The Blackout in World War 2 was managed and facilitated by a series of more or less innovative technologies.76 Its management was the responsibility of local police, but its efficacy was also monitored by the RAF. In the early months of the Blackout, regular reports from RAF planes were sent to the Newcastle police, reporting mainly on the failure of Blackout measures to conceal the city. For example, a report from September 1939 states that “all towns in the Tyne and Tees area have odd lights visible and Newcastle is clearly recognizable as a town area”.77 By October 1939, these reports had become much more positive, and reports of visible breaches of the Blackout almost disappear from the archives.78  New technologies started to emerge, providing businesses alternatives to forms of lighting that were visible from the sky. In Newcastle, however, very few of these were applied. As noted previously, Newcastle’s location and arms industry made it a primary target, and Chief Constable Crawley was unmoved by technological innovation. For example, in November 1939, W.M. Storey of the Imperial Tobacco Company requested permission to install internal illumination of cigarette machines “with one low wattage blue lamp (5 watts)”, noting that “permission has been granted by certain local authorities throughout the country”.79 Crawley wrote back, denying the request, on the grounds that lighting from automated machines was not covered in any listed exemptions.80 By 1943, in a request from central government for a list of exemptions granted, only 11 were listed, almost all concerning the ability of shipyards to use lighting at night when emergency repairs were required, although this list excluded the centrally managed exemptions given to railway companies for repairs.81 The Blackout period thus saw technological innovation, but this innovation was in the case of Newcastle unable to produce flexibility due to the strong state.
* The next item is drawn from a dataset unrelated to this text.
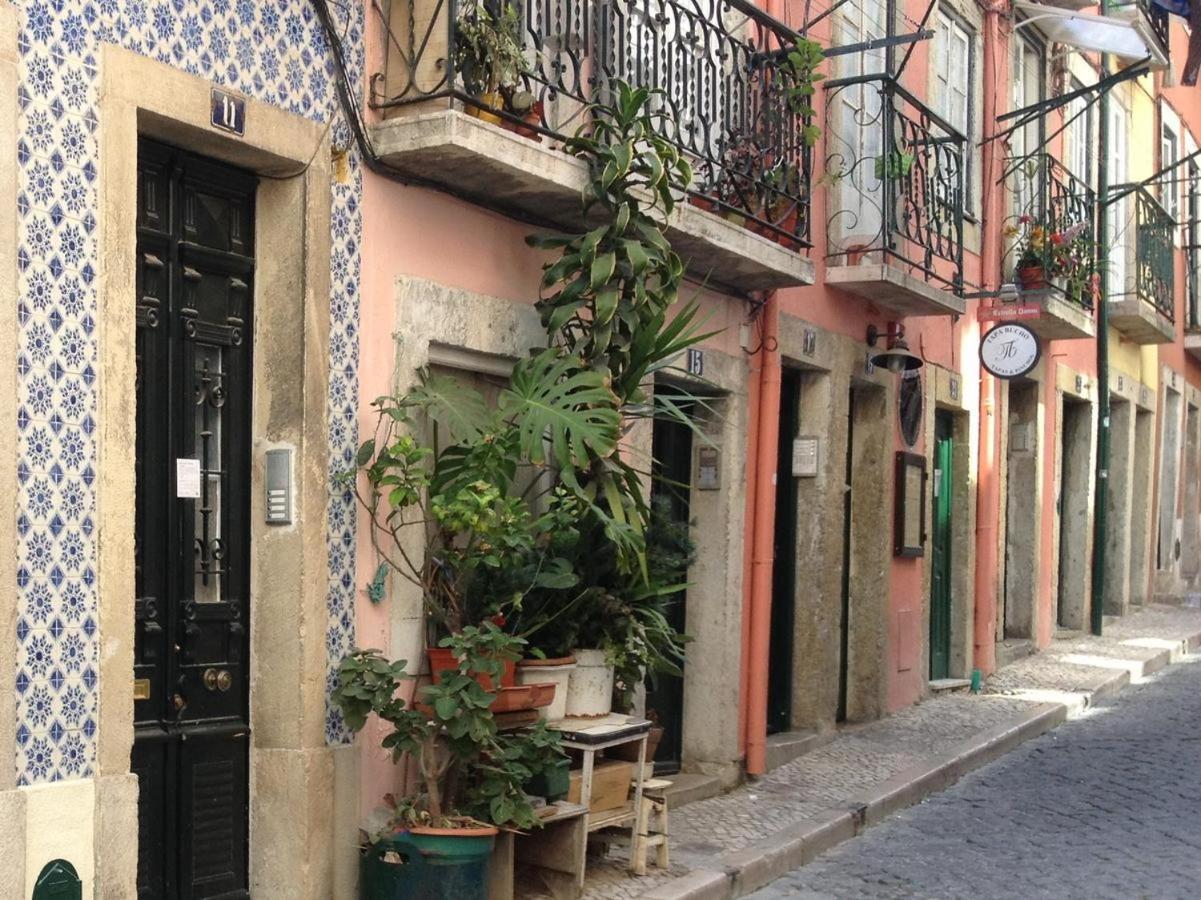 Mouros Cozy * Lisbon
Technological innovations also helped bring about the end of the Blackout period. On the 15th November 1943, the Newcastle Lighting Committee were informed that a complete blackout was no longer necessary, and that ‘starlighting’ – the restricted form of street-lighting that had been provided in cities away from the east coast – could now be used in Newcastle as well.82 However, this lighting only provided any value in mid-Winter, and six weeks-notice was required to manufacture the fittings that would be applied to street-lights to allow this. Combined with labour shortages, this meant that there was very little opportunity to introduce starlighting into Newcastle before April 1944, at which point summer brightness meant that all streetlighting was discontinued until August for fuel efficiency reasons.83 Anticipating further relaxations on restrictions during 1944, the city council set-about repairing as many street-lights as possible. On the 9th September 1944, permitted lighting was increased to ‘moonlighting’, and “steps were immediately taken to have the streets of the City illuminated as quickly as possible”.84 Here, planning in the form of repairs through the summer of 1944 allowed for this measure to be taken up more quickly. Labour shortages were initially a major limitation, although the gradual reduction in the number of soldiers required on the fronts from late 1944 onwards allowed redeployment to increase the speed of infrastructural repair. By November 1944, 500 lanterns a week were being switched back on in Newcastle.85 In April 1945 the lighting committee heard that “no further intermediate standards of lighting is contemplated, and the next step at the appropriate time will accordingly be the removal of all restrictions and the restoration of unscreened lighting.”86 Factors other than the danger of enemy bombardment were barriers to the ability to return to more available lighting. Specifically, there were continued fuel shortages which meant that lighting was restricted through the summer months, such that lanterns were switched off between May 1945 and the end of August 1945. Similar restrictions were in place during the summer of 1946 and it was only after this time that the return to ‘normal’ lighting conditions was made.87 

The technological modality was therefore a relatively weak part of the flexibility of Blackout-era public lighting. Both the contemporary installation of LED lighting and the slow move towards gas lighting in the 1890s-1900s show periods at which technological and infrastructural capacities were more important. In both instances, a source of difficulty was the conflict between the technological and the infrastructural. Specifically, the difficulty of installing new infrastructure into an already densely built-upon city was a major factor restricting flexibility in early 1900s Newcastle, and 2010s Newcastle. In the contemporary case, existing columns have proved unsuitable in many cases for the specific lighting capacities of LEDs, with their height and spacing designed for the intensity and diffusion of sodium-based light bulbs. In an interview prior to the decision to transition to LED lighting, an official one of the councils involved in the joint North Tyneside/Newcastle scheme said:

“One of the issues that we have is that because we’ve got new lampposts if we were going to do lighting changes to try and reduce the energy we’re not going to reposition lampposts, we want to use the existing lampposts and some LEDs can’t quite achieve the performance standards based on what we currently have.”88

In other words, the different technological capacities of LEDs compared to sodium-based lights mean that different infrastructure is required to implement them.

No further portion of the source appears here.